Understanding Amazon’s Key Ad Metrics: ROAS, ACoS & TACoS

Elise Jackson

Post details

  • AUTHOR: Elise Jackson
  • CATEGORY: Amazon Advertising
  • DATE: 04/03/2022

You’ve set up your Amazon PPC Campaigns – great! But what about analysing and reporting, do you know which are the key Amazon advertising metrics that you should be paying particular attention to? 

Amazon has, like other advertising platforms, metrics for measuring how your campaign is performing, and while most metrics are important, there are some key performance indicators to take into account – ACOS, TACOS, and ROAS metrics. 

What are they and why are they useful? Let’s dive into that now. 

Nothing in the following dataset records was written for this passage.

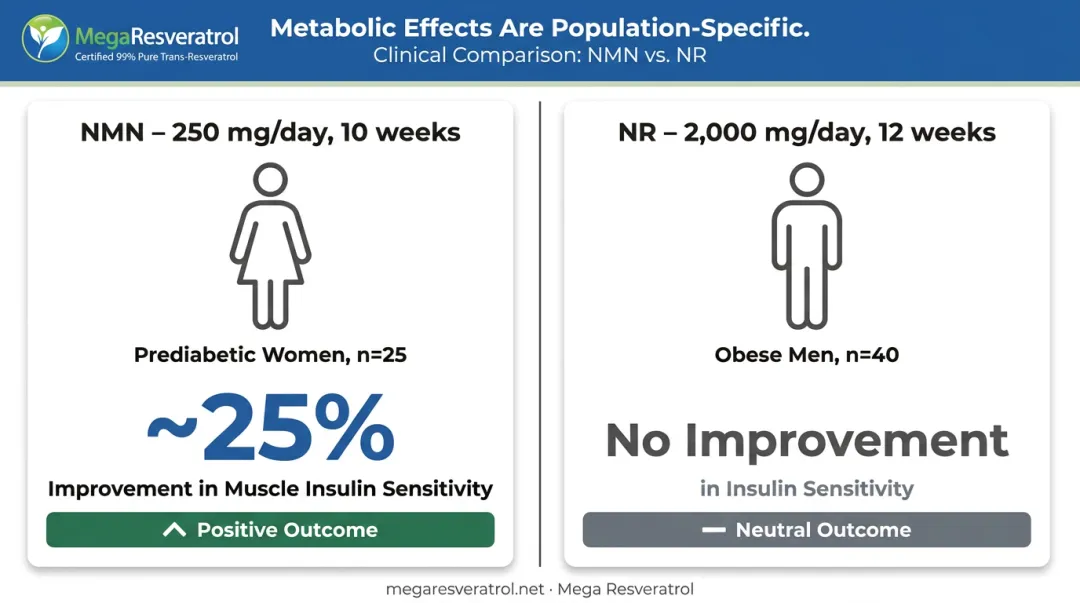 NMN versus NR metabolic health study outcomes comparison side by side infographic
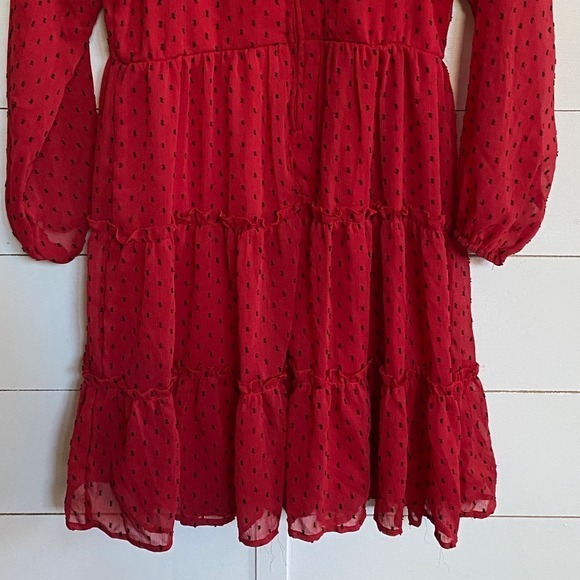 Trixxi Girl Red‎ Black Sheer Dot Party Dress Goth Red Devil Vamp - Juniors XL - Picture 8 of 12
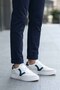 White Men's Sneakers - Navy Blue V Logo Suede Paneled Casual Shoes-V2 - 2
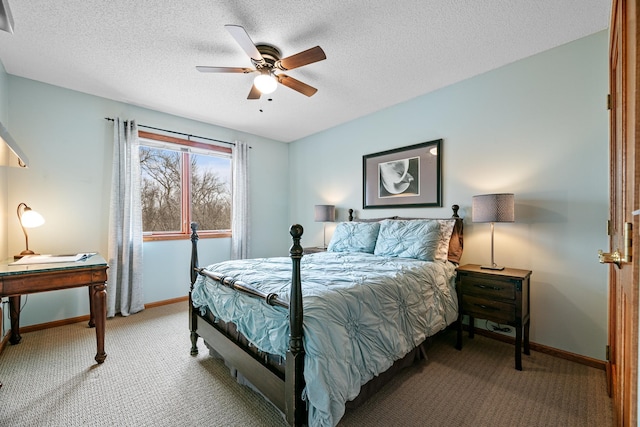 4167 Hallgren Ln, Excelsior, MN 55331 - carpeted bedroom featuring baseboards, a textured ceiling, and ceiling fan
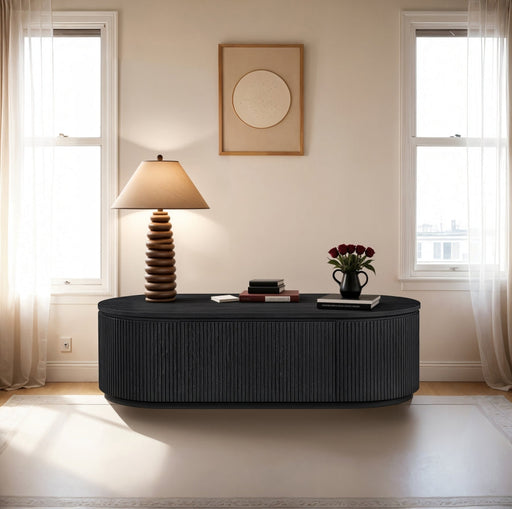 Moana Solid Wood Storage Coffee Table in Black - 99085Black-CT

What is the difference between ROAS, ACoS, TACoS?

Simply put:

ROAS = Return on ad spend, how much you receive for every £ of ad budget you spend

ACoS = Ratio of ad spend to ad revenue in % term

TACoS = total advertising cost of sale, whereby we measure the advertising spend relative to the total revenue generated

 

What is ACOS?

Amazon ACoS means ‘Advertising Cost of Sale’ and shows how much money you spend on advertising versus sales you receive for a product.

It’s essential to your Amazon PPC Advertising and is a key metric in determining the profitability of your ad campaigns.

Which metric you choose always depends on what goals you set for your PPC campaigns. 

However, If you want detailed information on how your ad campaigns are performing, and to track how much money that ad spend has generated then ACOS can help you get that specific data.

 

How to calculate your ACoS

To calculate your ACOS you need to know both of these:

  1. Advertising Spend (total cost) which is the amount you’ve spent on advertisements during a certain time period.
  2. Ad revenue which is the total sales generated from your Amazon ads during the same time period.

You divide these two amounts and then x 100. This is how it would look:

ACOS = (£100/£1000) x 100 = 10%

 

What is TACoS?

Amazon TACOS stands for the Total advertising cost of sale and considers both ad spend and cost of goods sold to provide a comprehensive view of profitability.

It’s an important metric that includes ad revenue and organic revenue and helps you understand ad spend affects your account health and how to increase your profit margins. It helps you understand the long-term in your PPC Campaigns. 

 

How to calculate your Amazon TACOS

To calculate your Amazon TACOS you need the following information: 

  1. Ad Spend (Total cost) which is the total amount you’ve spent on Amazon during a specific time period (exactly like ACOS calculation) 
  2. Total Sales (attributed and non-attributed) which includes all your sales that are directly attributed to your ad campaigns and those that are indirectly influenced by advertising efforts.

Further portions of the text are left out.